Records to use:
────────────────────
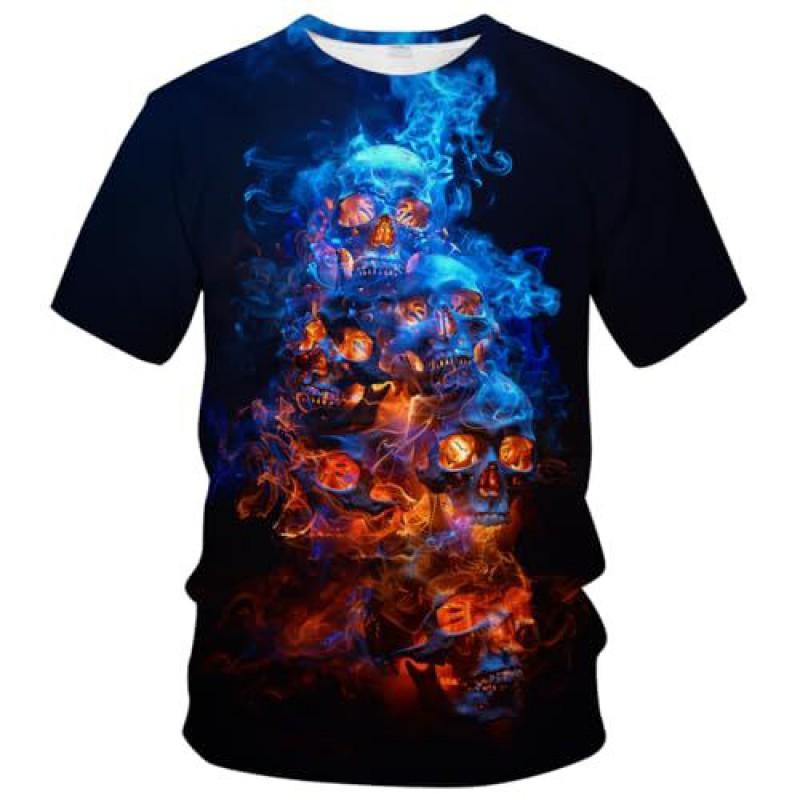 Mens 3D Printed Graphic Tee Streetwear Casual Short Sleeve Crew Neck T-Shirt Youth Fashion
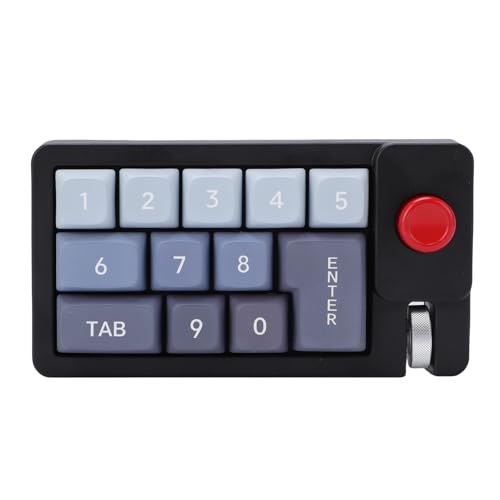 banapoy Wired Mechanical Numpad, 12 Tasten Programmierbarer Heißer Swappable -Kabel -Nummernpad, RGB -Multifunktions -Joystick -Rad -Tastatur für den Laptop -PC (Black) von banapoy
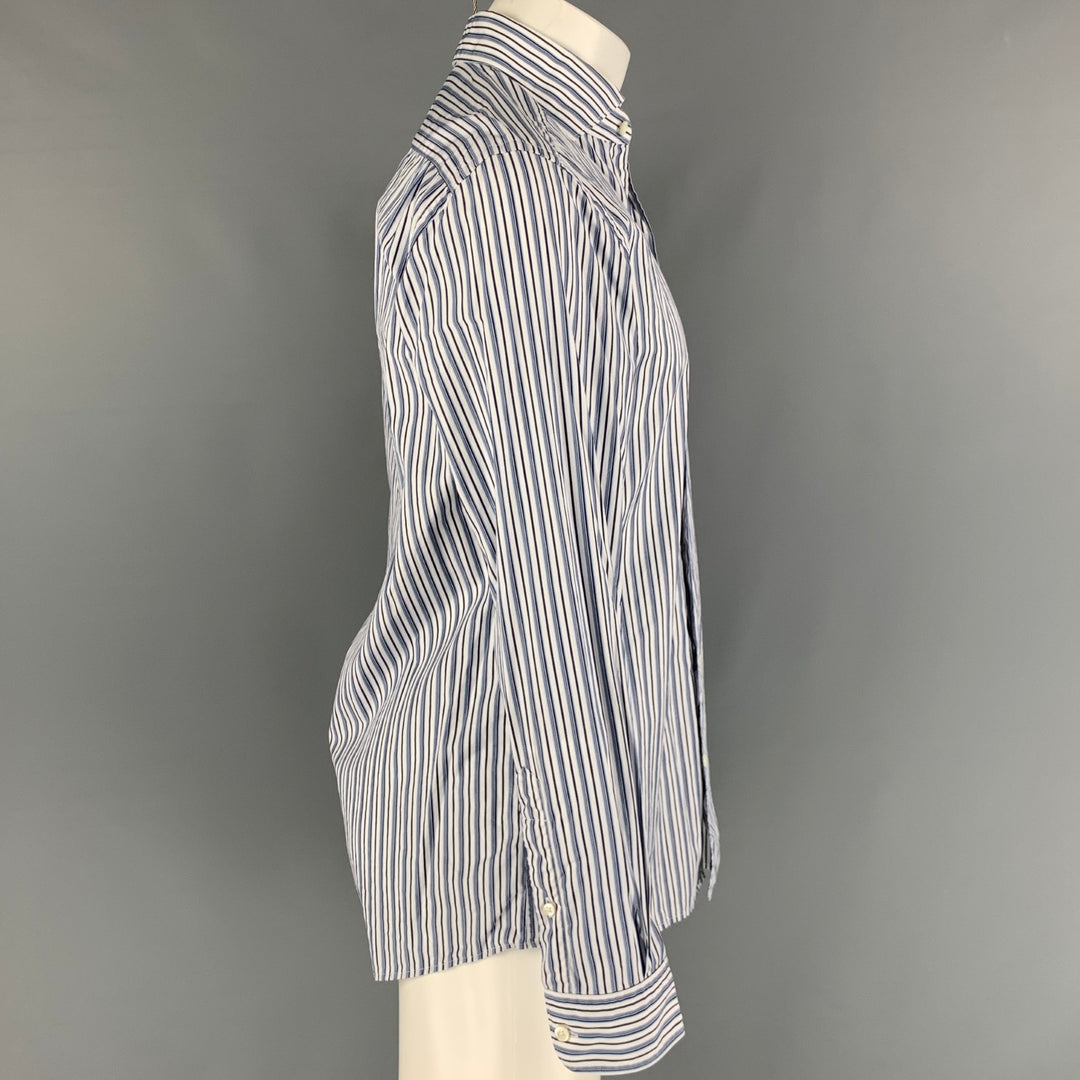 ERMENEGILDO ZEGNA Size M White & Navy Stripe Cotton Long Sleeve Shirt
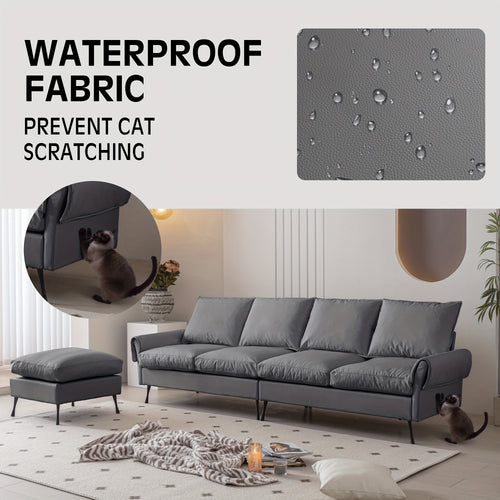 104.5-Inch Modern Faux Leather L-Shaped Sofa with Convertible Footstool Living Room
────────────────────
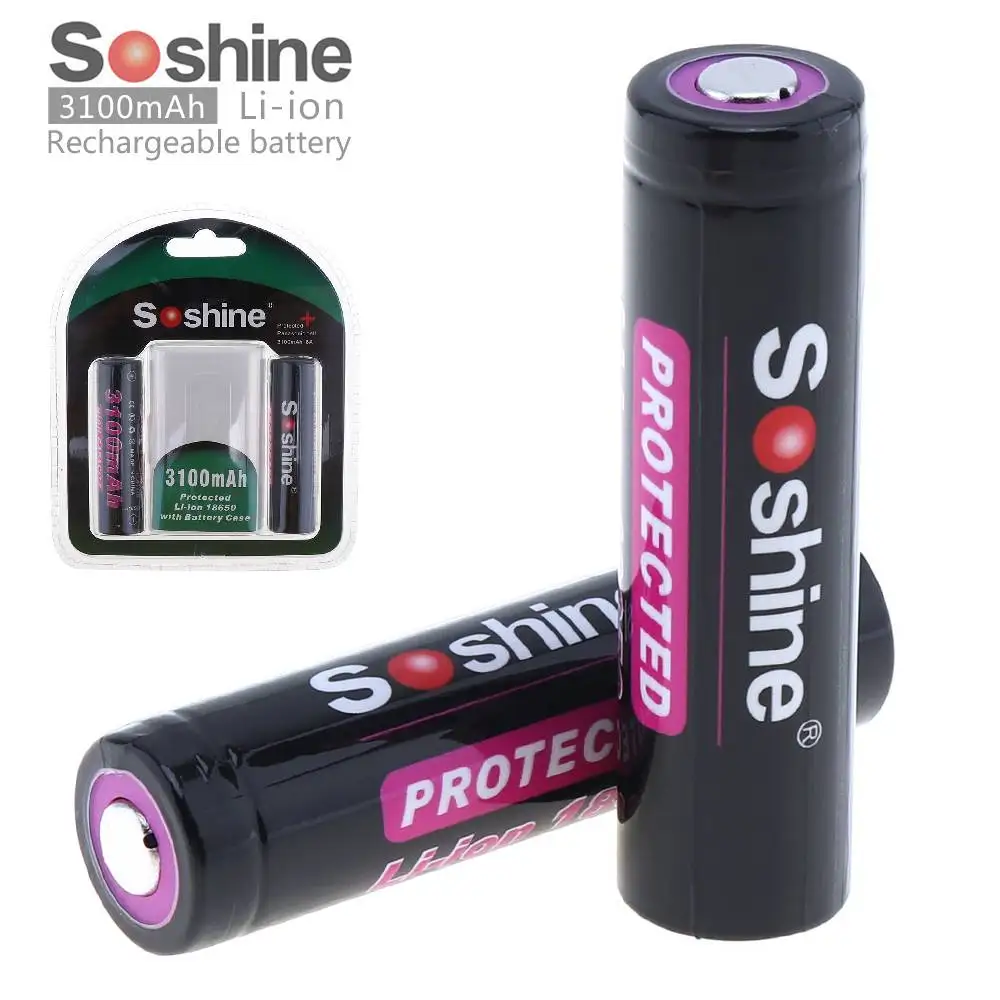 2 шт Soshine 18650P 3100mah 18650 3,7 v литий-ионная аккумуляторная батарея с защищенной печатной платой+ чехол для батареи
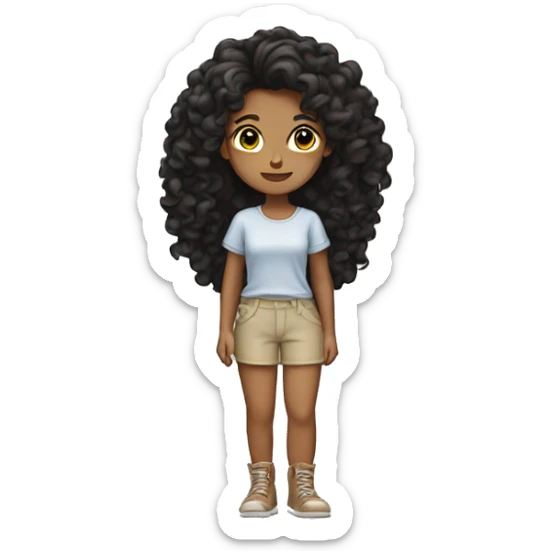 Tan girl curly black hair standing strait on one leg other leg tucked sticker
────────────────────
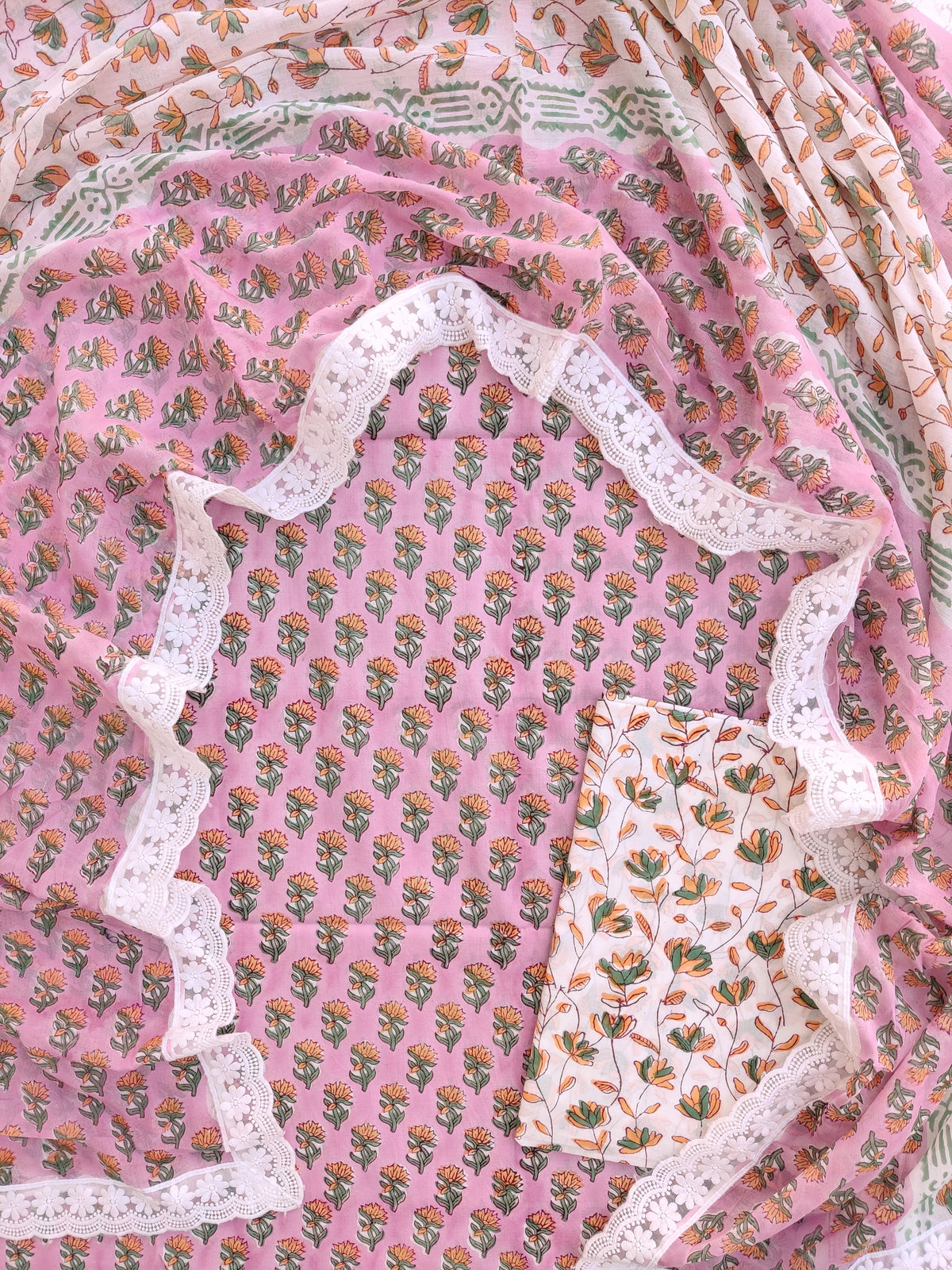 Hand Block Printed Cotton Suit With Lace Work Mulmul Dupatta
────────────────────
What you need to do: Excerpt from the records above: set down only the lines from the one that contains "Mens 3D Printed" through the one that contains "ERMENEGILDO ZEGNA Size", inclusive, word for word. Pictures stay out.

Written reply:
 Mens 3D Printed Graphic Tee Streetwear Casual Short Sleeve Crew Neck T-Shirt Youth Fashion
 banapoy Wired Mechanical Numpad, 12 Tasten Programmierbarer Heißer Swappable -Kabel -Nummernpad, RGB -Multifunktions -Joystick -Rad -Tastatur für den Laptop -PC (Black) von banapoy
 ERMENEGILDO ZEGNA Size M White & Navy Stripe Cotton Long Sleeve Shirt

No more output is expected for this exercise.